Edible Bozeman

When People Eat Plants

One of the reminders from the COVID-19 pandemic is how interconnected we are with everyone and everything on this planet. A new take on an old adage could be, When a bat flaps its wings in China, the rest of the world goes on lockdown. Or try this one: When “60 percent of all mammals on Earth” are animals raised for food, sea levels rise. As with a pandemic, so too with climate change: Seemingly insignificant actions, when they meet the right conditions, can propagate until the whole planet is affected.

This is the line Jonathan Safran Foer takes in his decidedly literary climate change treatise, We Are the Weather, to encourage the kinds of seemingly insignificant actions that when they propagate will reduce rather than exacerbate the effects of climate change. Specifically, Foer wants us to limit eating and drinking animal products to dinner and be vegans the rest of the day. “Choosing to eat fewer animal products,” he writes, “is probably the most important action an individual can take to reverse global warming—it has a known and significant effect on the environment, and, done collectively, would push the culture and the marketplace with more force than any march.”

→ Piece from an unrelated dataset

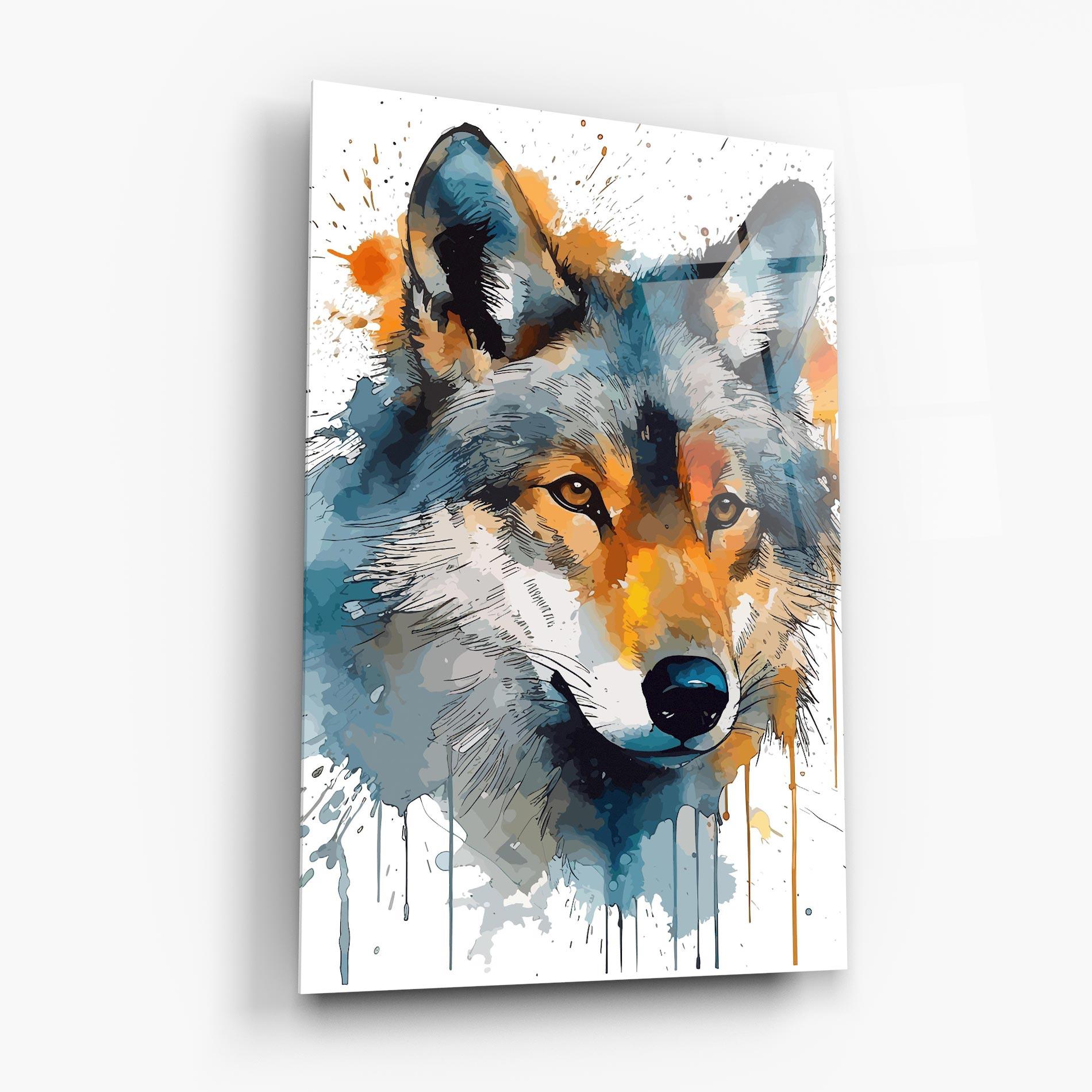 Tablou Sticla Orange Watercolor Wolf mockup 6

But no matter how simple the idea and how plain the logic, Foer’s challenge is substantial. And he knows exactly what a tough sell this is going to be. None of us takes very kindly to being told to change what we eat. But as was his book Eating Animals, which depicts the atrocities of factory farming, We Are the Weather is a work of rhetorical virtuosity. The facts that Foer presents are exactly as distressing as you expect: “Since the advent of agriculture, approximately twelve thousand years ago, humans have destroyed 83 percent of all wild mammals and half of all plants”; “If cows were a country, they would rank third in greenhouse gas emissions, after China and the United States”; and so on.

Of course, we’ve heard it all before. More times than we care to remember. No statistic, no bar graph is going to rouse us to action. As Foer recognizes, “The planetary crisis— abstract and eclectic as it is, slow as it is, and lacking in iconic figures and moments—seems impossible to describe in a way that is both truthful and enthralling.” What we have isn’t a failure of evidence or even consensus (Foer cites a recent report that only 14 percent of Americans deny climate change.) What we have is a failure to coordinate meaningful responses.

And so Foer asks us to face the reality of what a meaningful response would entail. “We have no hope of tackling climate change if we can’t speak honestly about what is causing it, as well as our potential, and our limits, to change in response. . . . we cannot save the planet unless we significantly reduce our consumption of animal products.” The idea is simple. The logic is plain. The challenge remains substantial.

Is Foer’s book a good one? It’s extremely well written. It might have life as a work of literature even if it doesn’t affect our diets as Foer wants it to. But certainly that’s not what Foer or anyone else could mean by good in this context. The only good to be recognized here is successfully persuading readers to “reduce our consumption of animal products.” Is it a good book, then? Will it achieve its goal? If We Are the Weather doesn’t motivate us to change our diets, it’s hard to imagine that any book could.

That might be a high estimation of Foer and low estimation of books. But we do know now, if we didn’t know before the pandemic, that it is possible for us to change our behavior suddenly, dramatically, and on a global scale when our survival depends on it. So.